SUPPLIED RECORDS:
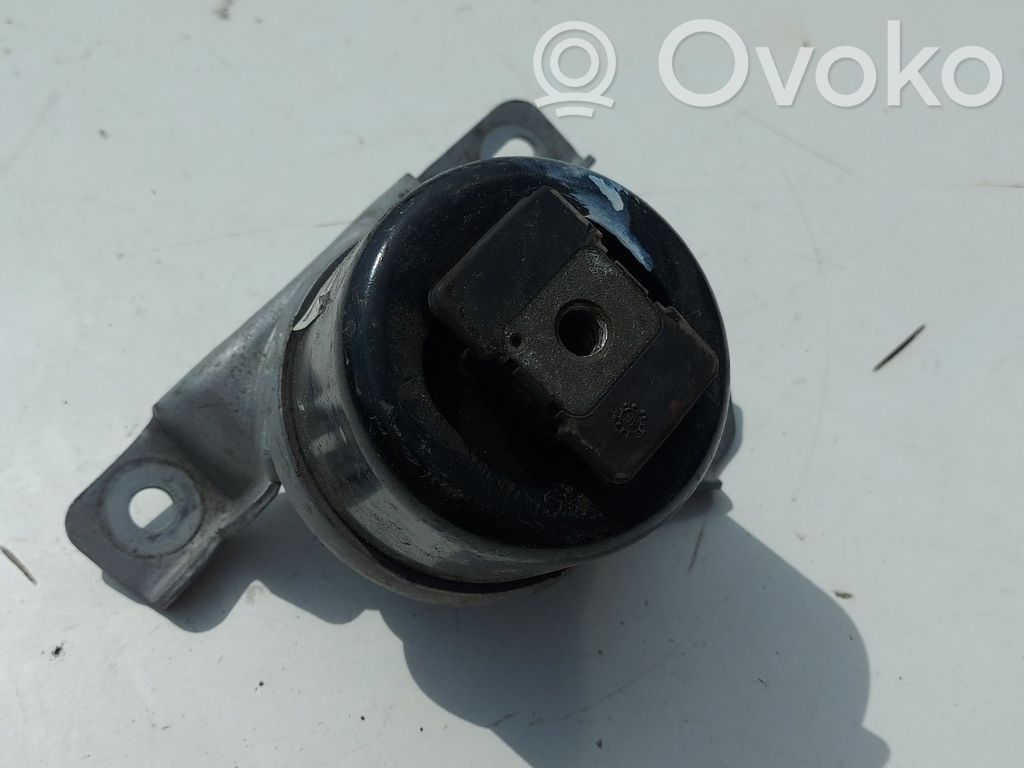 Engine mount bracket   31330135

--

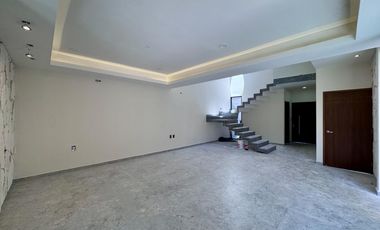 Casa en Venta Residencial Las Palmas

--

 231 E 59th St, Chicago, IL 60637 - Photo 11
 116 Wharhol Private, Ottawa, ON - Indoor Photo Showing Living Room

EXERCISE:
Find all the lines containing "Photo" in the material, then copy them.

RESULT FOR THIS EXERCISE:
 231 E 59th St, Chicago, IL 60637 - Photo 11
 116 Wharhol Private, Ottawa, ON - Indoor Photo Showing Living Room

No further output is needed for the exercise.